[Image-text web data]
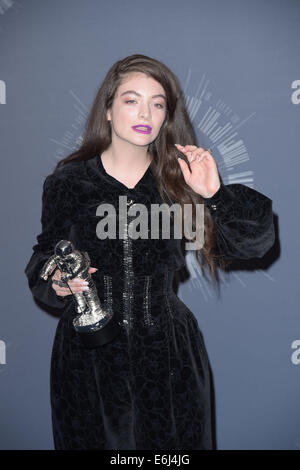 Inglewood, Californie, USA. 24 août, 2014. L'auteur-compositeur néo-zélandaise Lorde pose à la 31e MTV Video Music Awards au Forum à Inglewood, Californie, USA, 24 août 2014. Photo : Hubert Boesl/dpa/Alamy Live News Banque D'Images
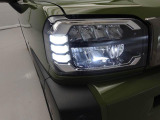愛知ダイハツのお店では、ダイハツ車を知り尽くしたプロフェッショナルなサービススタッフが、専用の診断機器を使って各システムを点検しております。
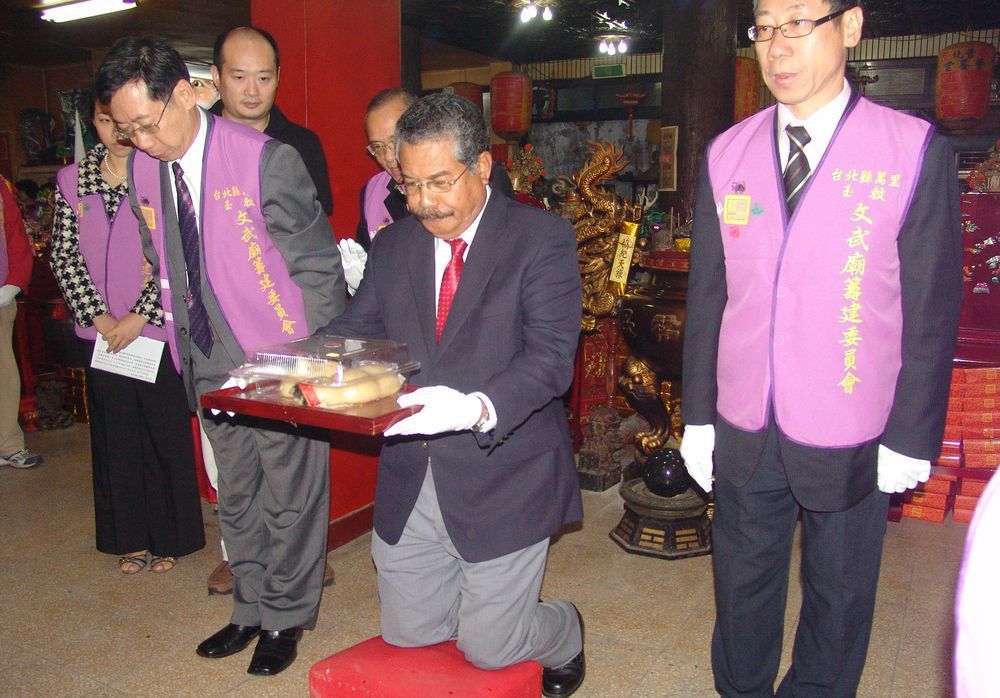 2008年帛琉總統當選人陶瑞賓到普化警善堂向關聖帝君謝恩。圖／聯合報系資料照片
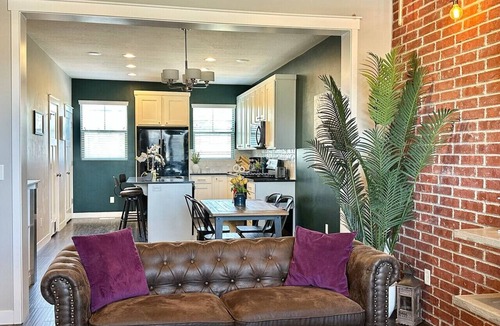 Midvale House | Charming updated LOFT style townhouse!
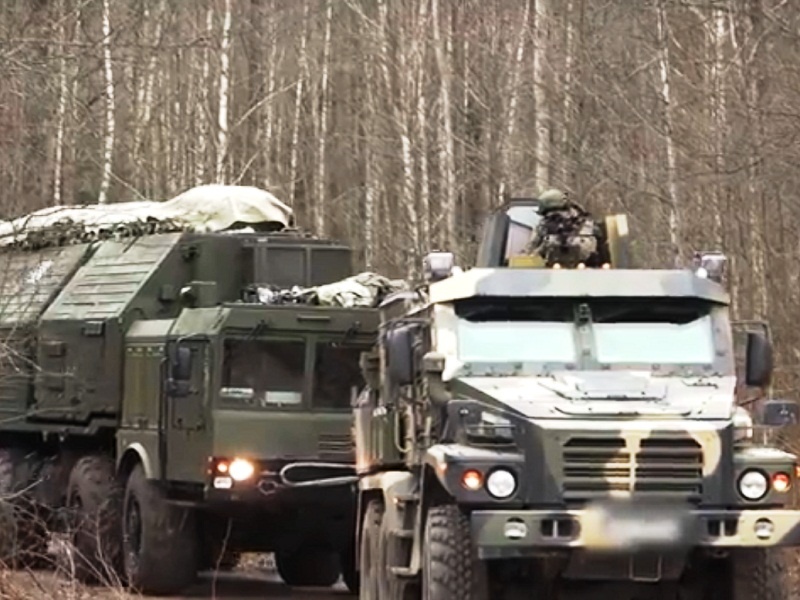 "Орешник" на марше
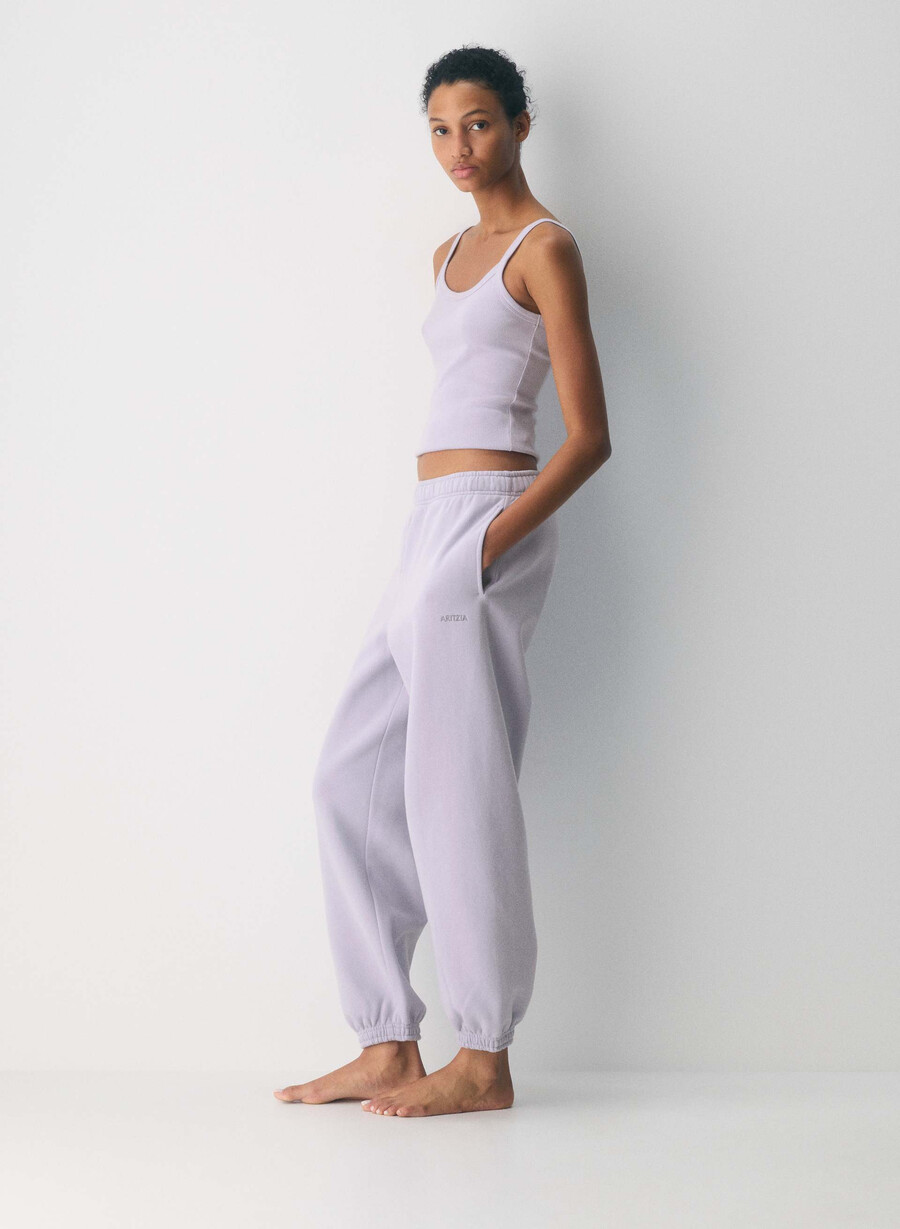 mysig fleece mega jogger wildblommor lila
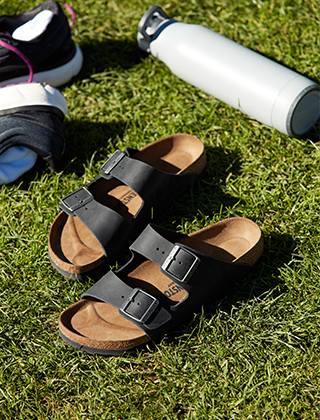Sandals & Flip Flops Sandals & Flip Flops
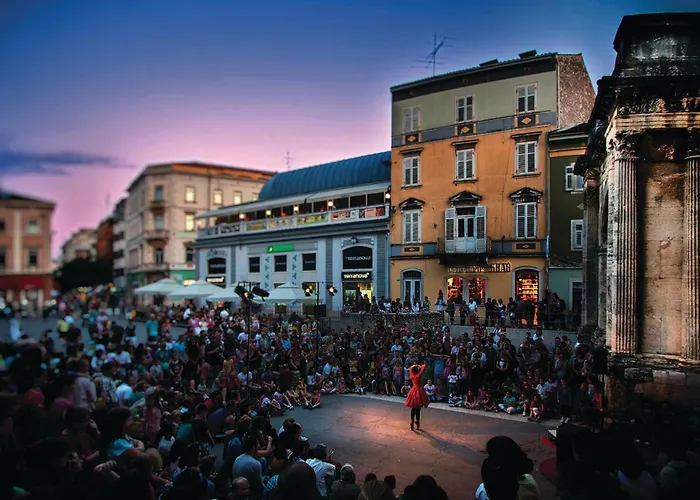 Amazing In With Sauna * Πούλα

Instructions for the task:
From the records above, copy exactly the stretch from the line holding "愛知ダイハツのお店では、ダイ" through the line holding "Sandals & Flip Flops Sandals & Flip Flops", both ends included, without the pictures.

Output of the exercise:
愛知ダイハツのお店では、ダイハツ車を知り尽くしたプロフェッショナルなサービススタッフが、専用の診断機器を使って各システムを点検しております。
 2008年帛琉總統當選人陶瑞賓到普化警善堂向關聖帝君謝恩。圖／聯合報系資料照片
 Midvale House | Charming updated LOFT style townhouse!
 "Орешник" на марше
 mysig fleece mega jogger wildblommor lila
Sandals & Flip Flops Sandals & Flip Flops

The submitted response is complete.